DATASET RECORDS:
= = = =

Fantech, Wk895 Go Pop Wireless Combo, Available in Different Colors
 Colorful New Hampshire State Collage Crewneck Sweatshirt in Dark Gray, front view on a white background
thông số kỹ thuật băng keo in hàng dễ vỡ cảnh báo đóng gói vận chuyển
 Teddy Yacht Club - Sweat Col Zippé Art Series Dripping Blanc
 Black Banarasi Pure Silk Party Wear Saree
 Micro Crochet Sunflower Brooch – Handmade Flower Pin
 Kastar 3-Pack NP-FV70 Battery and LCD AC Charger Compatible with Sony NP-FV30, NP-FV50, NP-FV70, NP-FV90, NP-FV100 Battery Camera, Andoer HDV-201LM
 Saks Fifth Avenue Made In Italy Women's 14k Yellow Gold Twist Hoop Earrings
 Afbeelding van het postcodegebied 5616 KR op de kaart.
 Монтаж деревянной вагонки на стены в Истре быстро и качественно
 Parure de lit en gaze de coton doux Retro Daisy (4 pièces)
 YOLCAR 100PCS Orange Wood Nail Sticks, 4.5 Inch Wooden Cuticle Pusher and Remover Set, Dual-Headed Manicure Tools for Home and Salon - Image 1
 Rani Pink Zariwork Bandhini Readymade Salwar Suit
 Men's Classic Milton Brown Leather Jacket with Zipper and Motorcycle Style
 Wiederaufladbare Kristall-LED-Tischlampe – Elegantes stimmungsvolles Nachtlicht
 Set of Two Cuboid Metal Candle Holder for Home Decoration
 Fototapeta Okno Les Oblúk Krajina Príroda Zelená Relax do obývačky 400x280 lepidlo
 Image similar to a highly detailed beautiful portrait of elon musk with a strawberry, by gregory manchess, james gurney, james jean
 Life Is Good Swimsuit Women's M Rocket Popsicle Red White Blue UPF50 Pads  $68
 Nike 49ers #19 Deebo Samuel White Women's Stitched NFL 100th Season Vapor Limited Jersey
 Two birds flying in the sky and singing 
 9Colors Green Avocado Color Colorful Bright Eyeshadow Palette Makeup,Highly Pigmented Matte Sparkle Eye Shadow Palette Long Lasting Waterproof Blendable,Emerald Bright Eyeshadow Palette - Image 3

= = = =

YOUR TASK: Each line from the one with "Colorful New Hampshire" through the last line of the records must be written out word for word. Include nothing else.

YOUR RESPONSE:
 Colorful New Hampshire State Collage Crewneck Sweatshirt in Dark Gray, front view on a white background
thông số kỹ thuật băng keo in hàng dễ vỡ cảnh báo đóng gói vận chuyển
 Teddy Yacht Club - Sweat Col Zippé Art Series Dripping Blanc
 Black Banarasi Pure Silk Party Wear Saree
 Micro Crochet Sunflower Brooch – Handmade Flower Pin
 Kastar 3-Pack NP-FV70 Battery and LCD AC Charger Compatible with Sony NP-FV30, NP-FV50, NP-FV70, NP-FV90, NP-FV100 Battery Camera, Andoer HDV-201LM
 Saks Fifth Avenue Made In Italy Women's 14k Yellow Gold Twist Hoop Earrings
 Afbeelding van het postcodegebied 5616 KR op de kaart.
 Монтаж деревянной вагонки на стены в Истре быстро и качественно
 Parure de lit en gaze de coton doux Retro Daisy (4 pièces)
 YOLCAR 100PCS Orange Wood Nail Sticks, 4.5 Inch Wooden Cuticle Pusher and Remover Set, Dual-Headed Manicure Tools for Home and Salon - Image 1
 Rani Pink Zariwork Bandhini Readymade Salwar Suit
 Men's Classic Milton Brown Leather Jacket with Zipper and Motorcycle Style
 Wiederaufladbare Kristall-LED-Tischlampe – Elegantes stimmungsvolles Nachtlicht
 Set of Two Cuboid Metal Candle Holder for Home Decoration
 Fototapeta Okno Les Oblúk Krajina Príroda Zelená Relax do obývačky 400x280 lepidlo
 Image similar to a highly detailed beautiful portrait of elon musk with a strawberry, by gregory manchess, james gurney, james jean
 Life Is Good Swimsuit Women's M Rocket Popsicle Red White Blue UPF50 Pads  $68
 Nike 49ers #19 Deebo Samuel White Women's Stitched NFL 100th Season Vapor Limited Jersey
 Two birds flying in the sky and singing 
 9Colors Green Avocado Color Colorful Bright Eyeshadow Palette Makeup,Highly Pigmented Matte Sparkle Eye Shadow Palette Long Lasting Waterproof Blendable,Emerald Bright Eyeshadow Palette - Image 3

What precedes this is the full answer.